History of Adelaide City


When early colonists began building Adelaide City they built with stone, constructing a solid, dignified city that is civilised and calm in a way that no other Australian state capital can match. The solidity goes further than architecture, for Adelaide City was once regarded as a city of wowsers (read: puritan spoilsports) and was renowned chiefly for its disproportionately large number of churches. These days the churches are outnumbered by pubs and nightclubs, and there is no denying that the city has a superb setting - the centre is surrounded by green parkland, and the metropolitan area is bound by the hills of the Mt Lofty Ranges and the waters of the Gulf St Vincent.

Adelaide City at the time of European settlement, the area that is now Adelaide, was occupied by the Kaurna people, a peaceful group numbering around 300. Their territory extended south towards Cape Jervis and north towards Port Wakefield, and they had close ties with the Narungga of Yorke Peninsula. Modern historians know little about Kaurna social life, but we do know that they were skilled at working with skins and fibres. Even before the arrival of white settlers in South Australia, the Kaurna people had suffered epidemics of smallpox and other disease which had swept down the Murray from NSW.

The site for Adelaide was chosen in December 1836 by the colony's far-sighted Surveyor-General, Colonel William Light, who created its remarkable design. The site was well-drained, had fertile soil and straddled the Torrens River, which guaranteed a ready water supply. The site was named after Queen Adelaide, wife of the British King William IV.

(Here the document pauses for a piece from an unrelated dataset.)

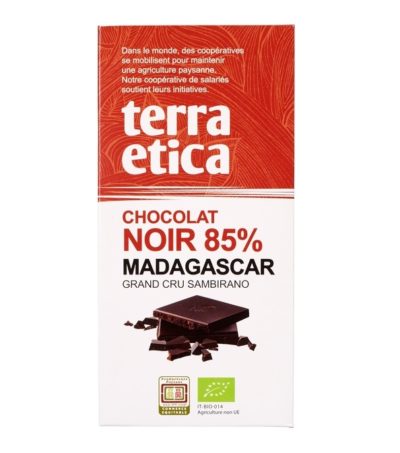 Terra Etica madagascar 85%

Adelaide was unusual in that it was settled by free people - the city has no convict history. It was also unusual in that the British Government gave the colony no financial backing, so when things finally took off in Adelaide, most of the money stayed in the state. The colony promised settlers civil and religious liberty and by 1839 Lutherans fleeing religious persecution were arriving from Prussia. In 1840, 6557 Europeans lived in Adelaide; by 1851 the European population was 14,577. By the early 1840s the town had about 30 satellite villages, including the German settlements of Hahndorf, Klemzig and Lobethal, where the state's wine industry was founded.

The capital's growth has reflected the state's cycle of boom and bust. A wheat boom in the 1870s and 80s set off a building boom, and a lot of the beautiful buildings which still line the city's streets were built during these decades. Rapid expansion also took place during WWI, the 1920s and the busy post-WWII years. After WW II, new migrants arrived from Europe (especially Italy) bringing with them the cafe culture which lends Adelaide its relaxed ambience.

During the late 60s and 70s, South Australia made several ground-breaking political reforms, prohibiting sexual discrimination, racial discrimination and capital punishment, and recognising Aboriginal land rights (interestingly, South Australia's original settlers had been the first to recognise Aboriginal ownership of land, although it didn't stop them stealing it).